* PROBLEM TO SOLVE: Exact transcription with no images: write out all of the entries below.

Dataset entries
=== Section Start ===
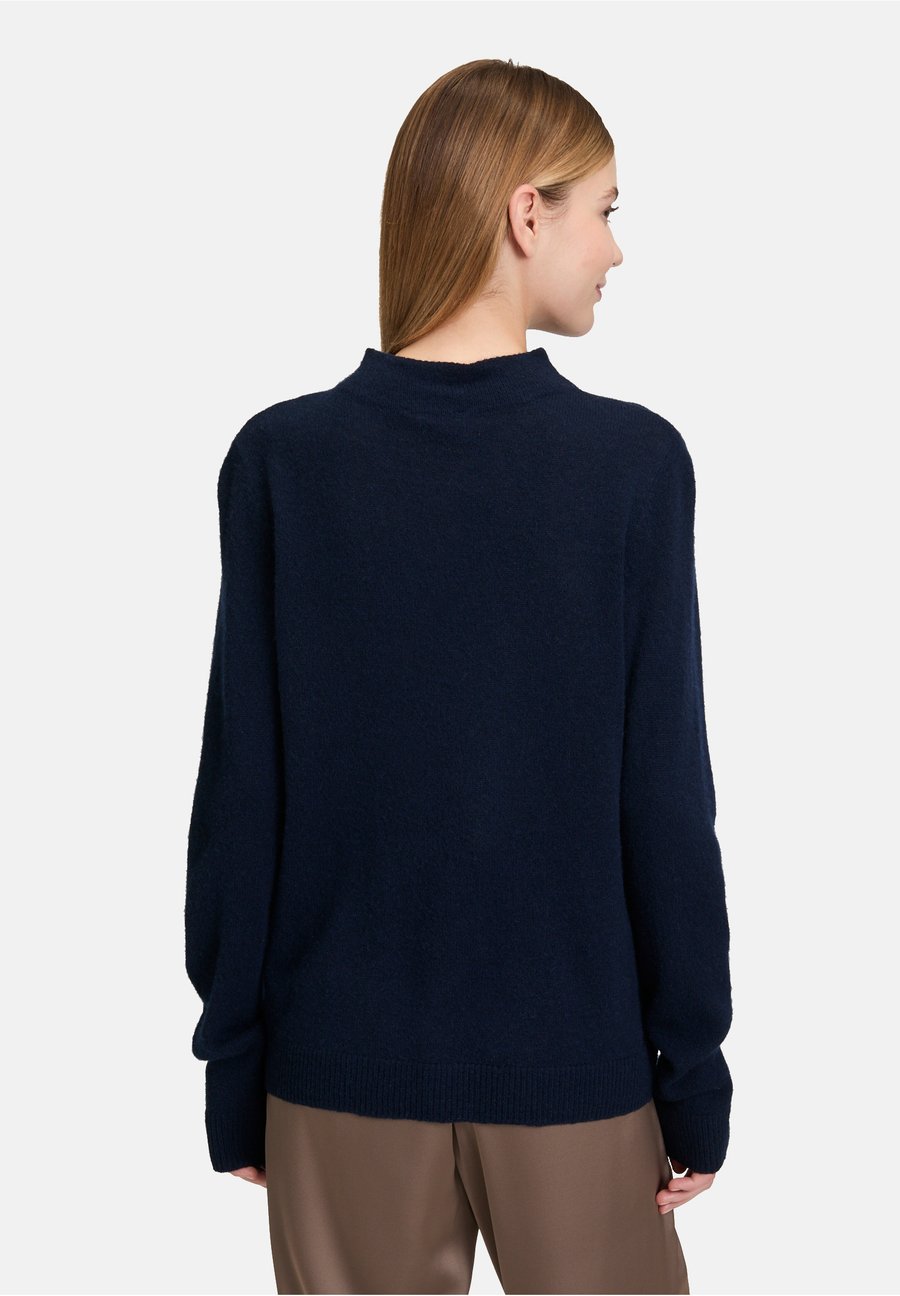 

Джемпер Betty Barclay MIT STEHKRAGEN, Dunkelblau/Dark Blue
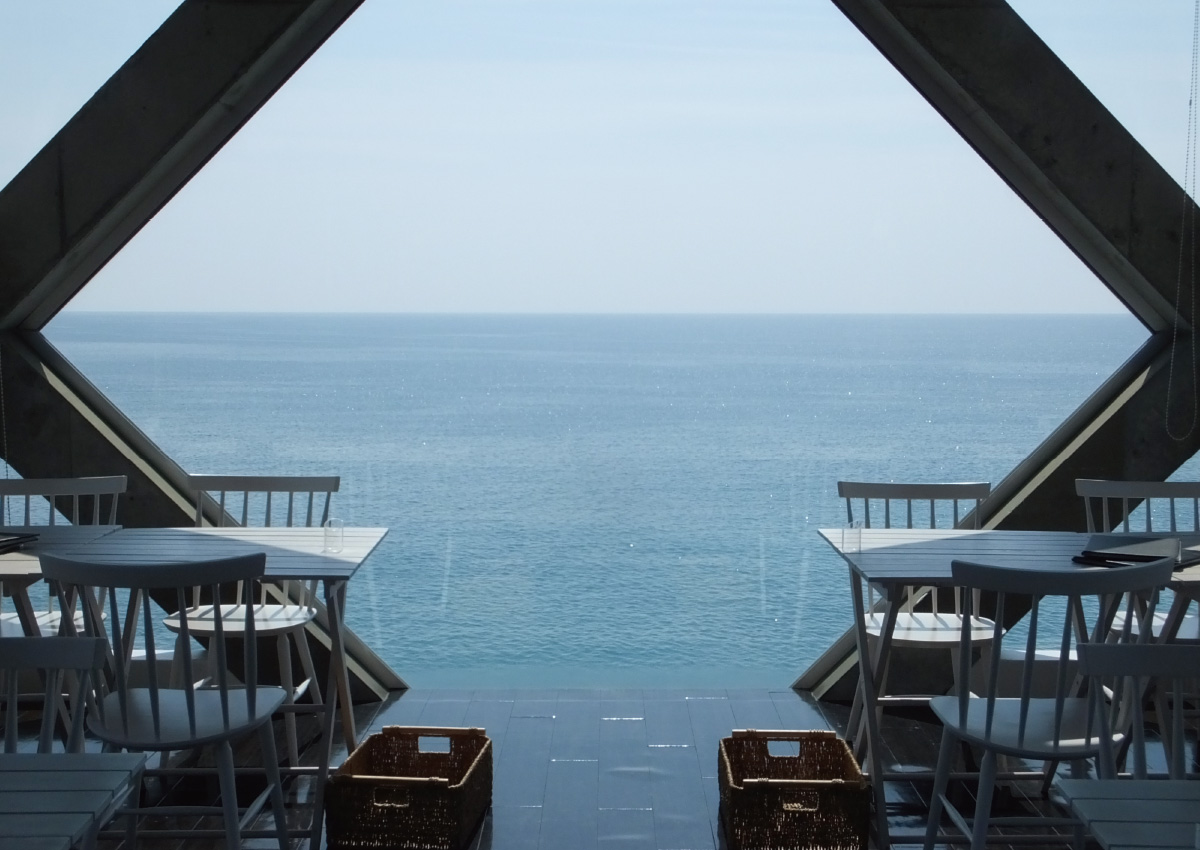 The Sprawling Pacific Ocean and Blue Skies A Restaurant Floating on the Sea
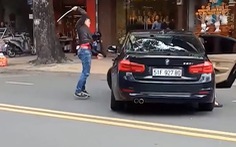 Nữ tài xế BMW lao xe vô thanh niên đập xe hơi khiến anh này chạy núp gốc cây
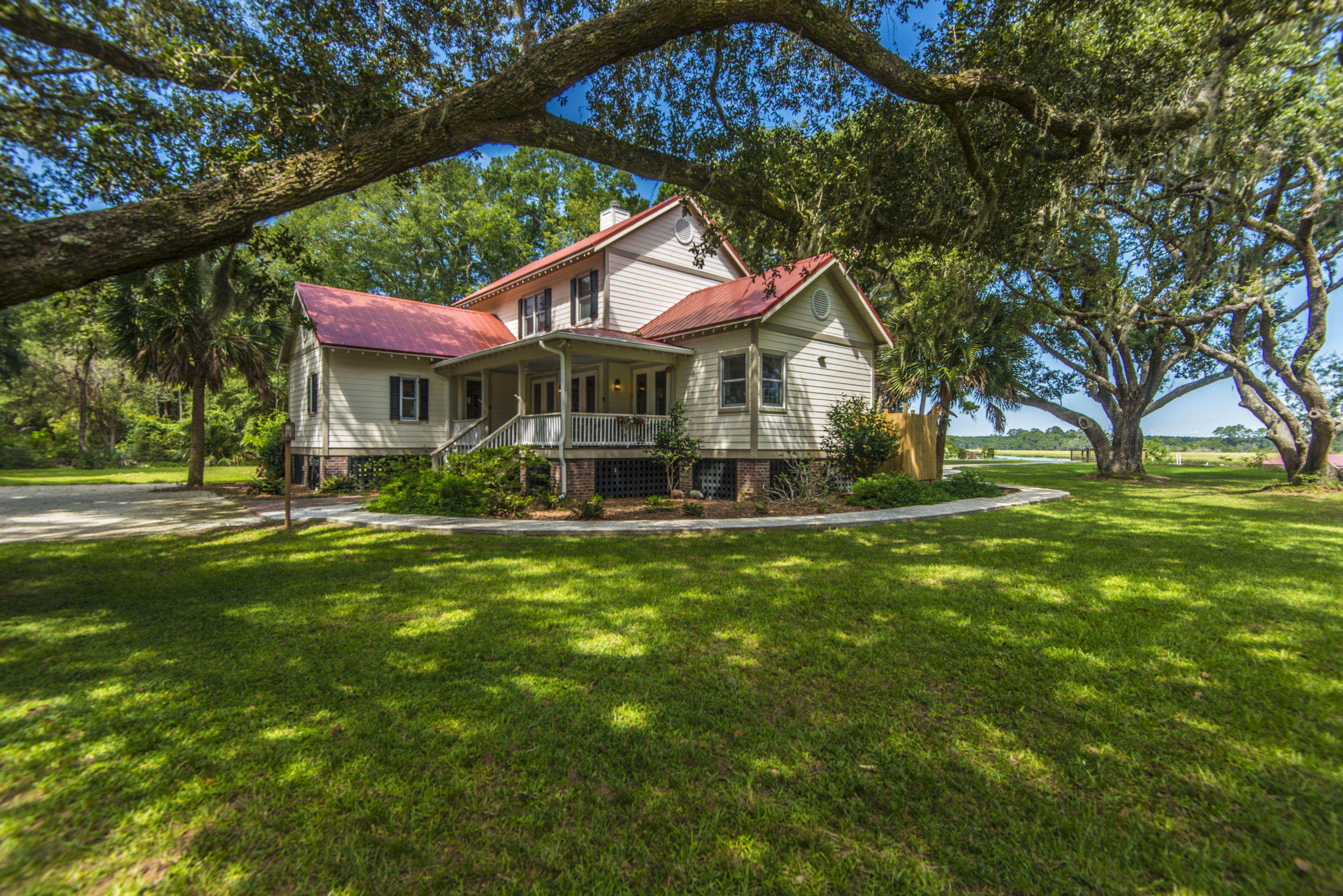 8686 Peters Point Road Edisto Island, SC 29438 - Photo 25 of 65 8686 Peters Pt rof (14)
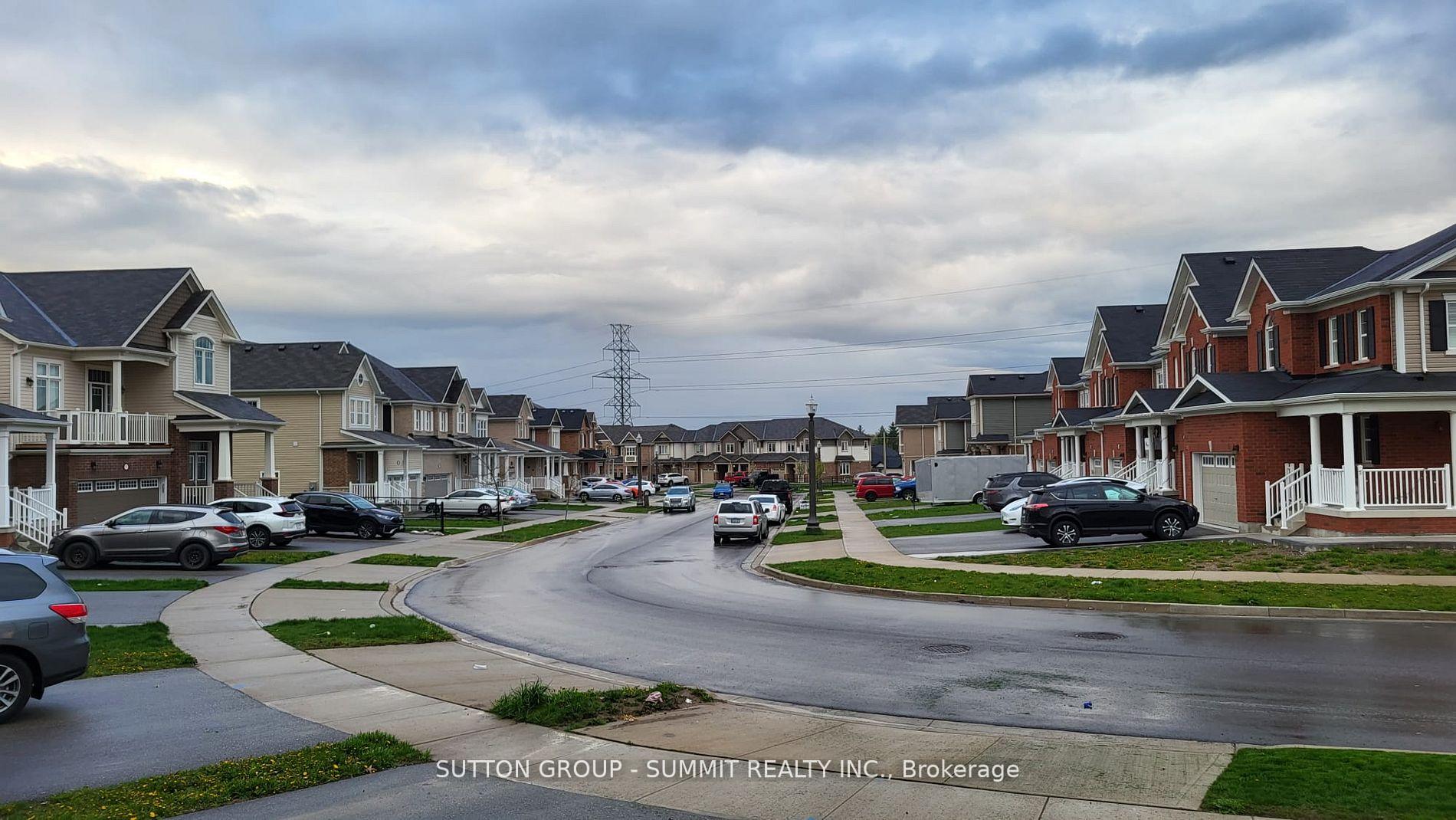 Photo 4 of 95 Watermill Street, Kitchener — HOMEH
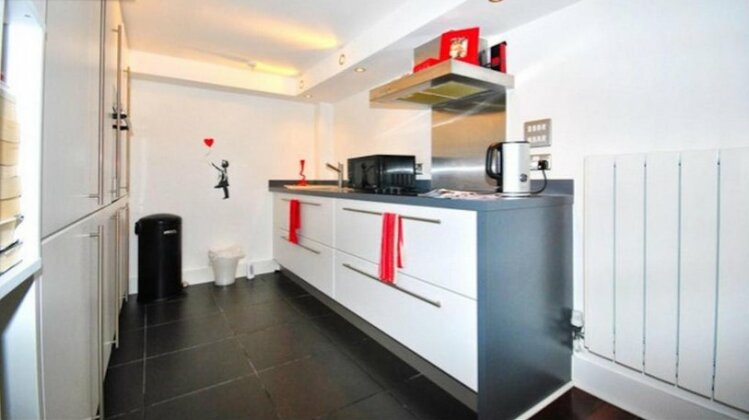 Modern 2 Bed apartment in Royal Arsenal Riverside Woolwich - Photo5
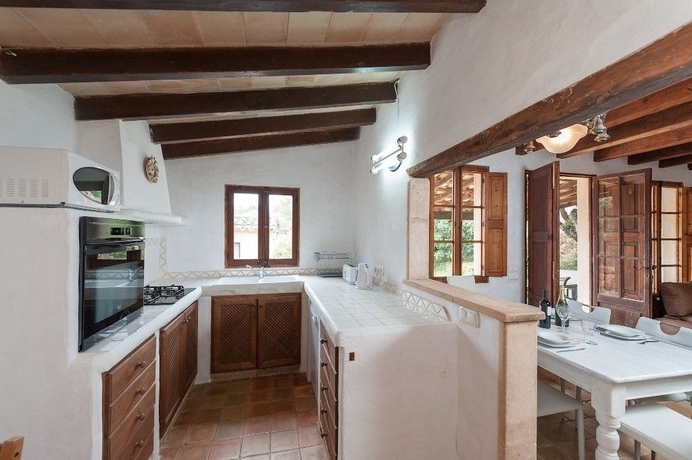 Imagen de la habitación del Hotel Villa Son Rio Nou. Foto 4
=== Section End ===
* RESULT OF THE EXERCISE:
Джемпер Betty Barclay MIT STEHKRAGEN, Dunkelblau/Dark Blue
 The Sprawling Pacific Ocean and Blue Skies A Restaurant Floating on the Sea
 Nữ tài xế BMW lao xe vô thanh niên đập xe hơi khiến anh này chạy núp gốc cây
 8686 Peters Point Road Edisto Island, SC 29438 - Photo 25 of 65 8686 Peters Pt rof (14)
 Photo 4 of 95 Watermill Street, Kitchener — HOMEH
 Modern 2 Bed apartment in Royal Arsenal Riverside Woolwich - Photo5
 Imagen de la habitación del Hotel Villa Son Rio Nou. Foto 4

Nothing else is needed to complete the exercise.